Drug companies are not the only people who do research. You don’t think researchers at university laboratories want to be remembered as the next Salk?

The first HPV vaccine was approved just a few years ago, you know. If you think drug companies aren’t interested in vaccines, you’ll have to explain why they’re making them. Not all of them are major players in the vaccine market, but there are several big ones. They wouldn’t do it if they were losing money on the deal. And some of them do think vaccines are the way to go.

You answer your own question; they profit off of research they’d never do themselves.

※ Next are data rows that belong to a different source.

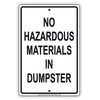 No Hazardous Materials In Dumpster Sign
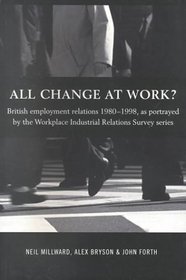 All Change at Work?: British Employment Relations 1980-1998, As Portrayed by the Workplace Industrial Relations Survey Series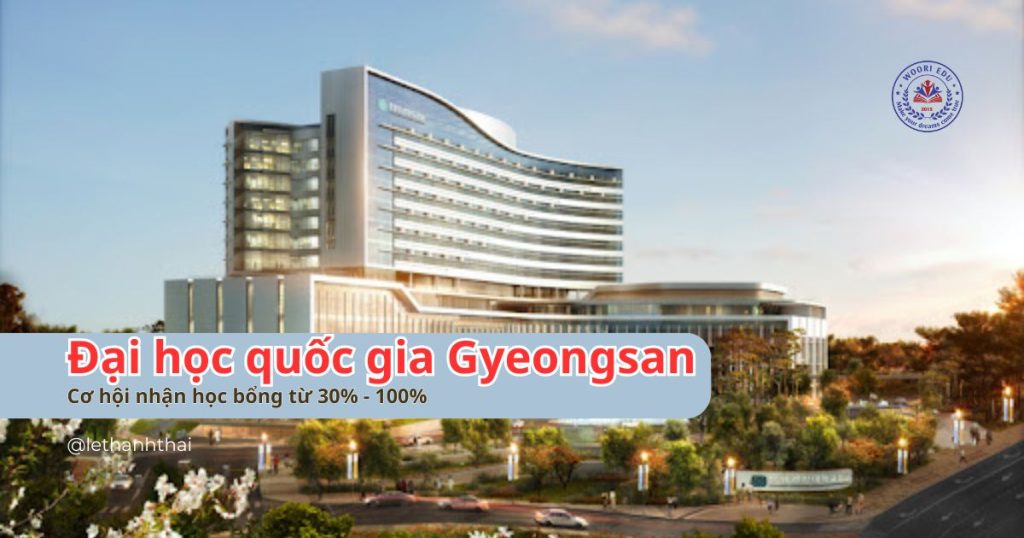 co hoi nhan hoc bong tai dai hoc quoc gia Gyeongsan cung trung tam du hoc woori du hoc han quoc quang binh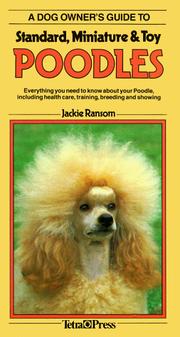 Cover of: A Dog Owner's Guide to Standard, Miniature and Toy Poodles (Dog Owner's Guides)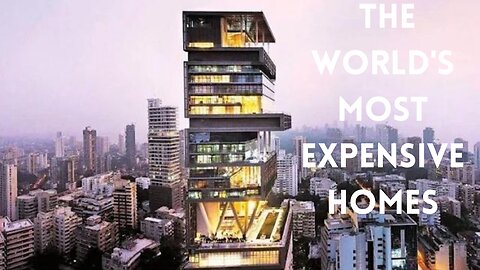 The World's Most Expensive Homes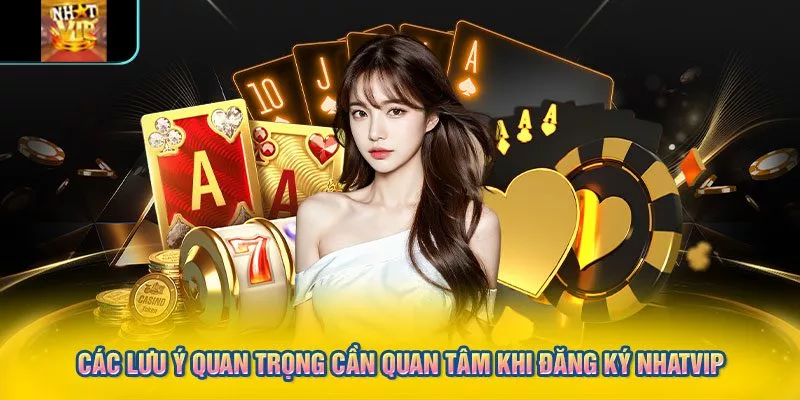 Các lưu ý quan trọng cần quan tâm khi đăng ký NHATVIP
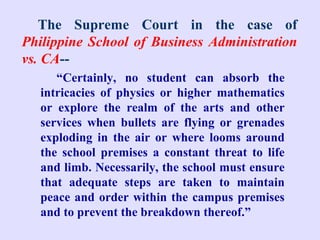 The Supreme Court in the case of
Philippine School of Business Administration
vs. CA--
     “Certainly, no student can absorb the
  intricacies of physics or higher mathematics
  or explore the realm of the arts and other
  services when bullets are flying or grenades
  exploding in the air or where looms around
  the school premises a constant threat to life
  and limb. Necessarily, the school must ensure
  that adequate steps are taken to maintain
  peace and order within the campus premises
  and to prevent the breakdown thereof.”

Some of them are doing the research. It’s not like laboratories do the hard work and then just turn the results over to drug companies so they can make billions from it. And why wouldn’t they do the research themselves? I don’t know where you got this “we’re not interested in vaccines” thing, but vaccines for common diseases like the flu are still getting made. Flu vaccines are made by relatively few companies, which became a problem last year, and they don’t cost as much as a lot of other drugs do, but they haven’t been abandoned. A lot of people use them, so it’s not like there is no money to be made. Certainly the HPV vaccines are a big deal for the companies that make them.

I think your reasoning about cures and vaccines being unprofitable is simplistic but it’s not totally wrong in that there are reasons it sometimes looks like drug companies are behaving that way. They’re run for profit and everybody demands growth. They’ll often focus on making a new drug that is 5 percent better than an old one or that matches something a competitor is doing instead of perhaps taking a bigger risk and developing something more innovative.

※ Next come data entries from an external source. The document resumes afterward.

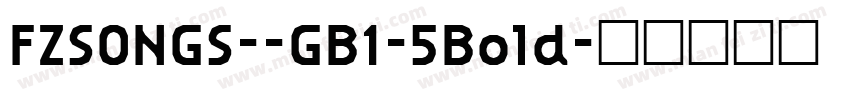 FZSONGS--GB1-5Bold字体转换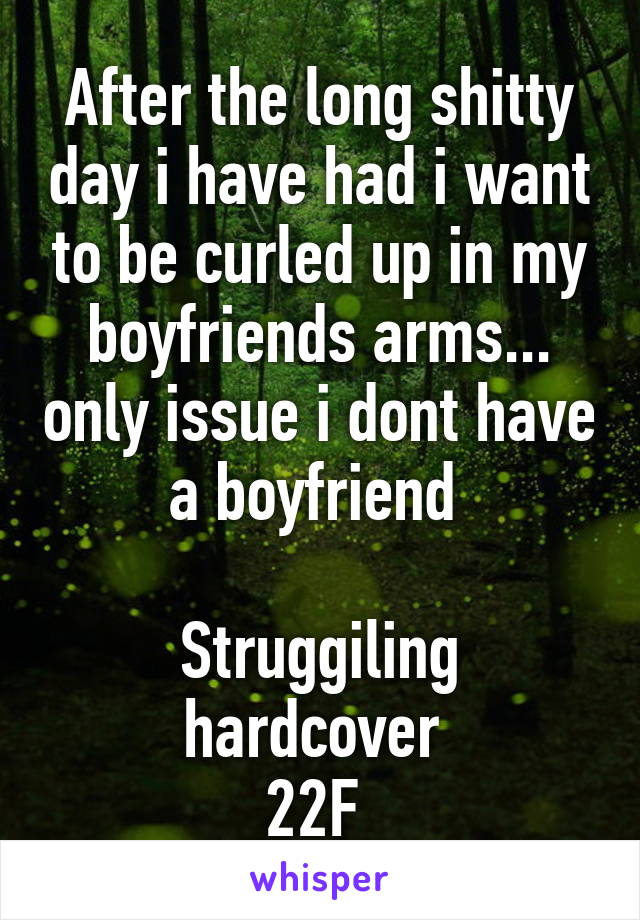 After the long shitty day i have had i want to be curled up in my boyfriends arms... only issue i dont have a boyfriend 

Struggiling hardcover 
22F 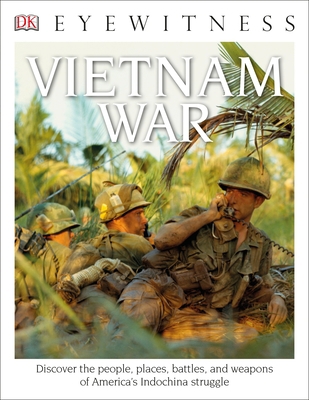 Eyewitness Vietnam War: Discover the People, Pl... 1465459847 Book Cover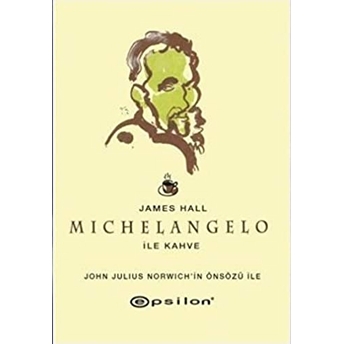 Michelangelo Ile Kahve Ciltli James Hall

But fundamentally all those treatments involve pharmacology and the presentation of new drugs to the market which are covered by patents.

There are likely tons of treatments which are not pharmacology based for various illnesses. I can’t speak for all illnesses, but I know in mental health there are studies on cognitive exercises, cheap off patent drugs, non-patented supplements, physical exercises, etc. So the profit motive can do damage because any treatment which isn’t profitable isn’t even taken into consideration.

Medical R&D needs to be more heavily publicly financed and done for the good of human health. I think right now it is about $40 billion public, $60 billion private.